Le développement de la pandémie a obligé ces couples à faire des choix qui ont conduit à la séparation. Comme ce duo d'étudiants lausannois, qui se voyaient quotidiennement. «Lorsque les universités ont commencé à fermer, nous avons compris la gravité de la situation.» Lui, Français, est reparti auprès de sa famille. Et depuis, ils ne se sont plus revus.

Les incertitudes pèsent lourds

Pour les couples fonctionnant déjà à distance, la situation est parfois plus facile à gérer. «Nous nous voyons plusieurs jours environ une fois par mois, parfois seulement tous les mois et demi. Ce qui fait que pour le moment, nous ne souffrons pas trop de cette séparation imposée», témoigne Carole. Quand bien même, dans certains cas, ce sont les projets de vie commune qui prennent un sacré coup de frein, comme pour l'ami belge d'une Suissesse qui a dû interrompre ses recherches d'emploi dans notre pays qui visaient à «avoir un permis de séjour et vivre ensemble.»

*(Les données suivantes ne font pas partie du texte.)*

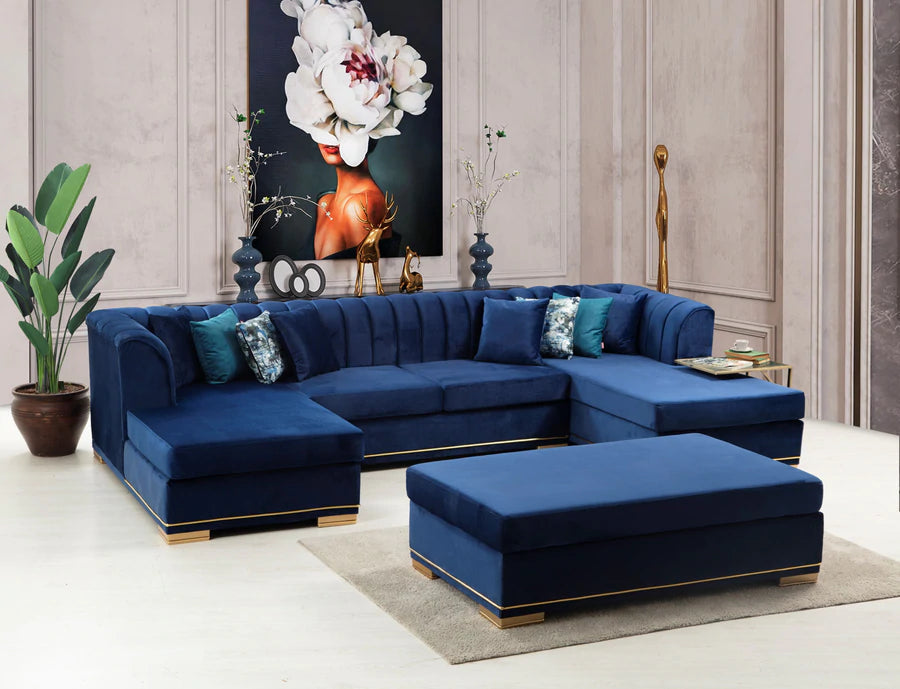 Armony U Double Chase Sectional Velvet Upholstery - Navy Blue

Si tous acceptent et comprennent les restrictions, les incertitudes quant à l'avenir pèsent lourds. «Ce n'est pas facile d'être dans l'ignorance, car on ne peut pas s'attacher à une date», souligne une Lausannoise. Heureusement pour ces amoureux contrariés, les moyens technologiques actuels permettent de rester en contact, en se parlant, mais aussi par vidéo. Tous, d'ailleurs disent en user afin de ne par rompre le lien. «De plus je crois que l'éloignement des corps renforce le rapprochement des coeurs et des âmes soeurs», se console Carole.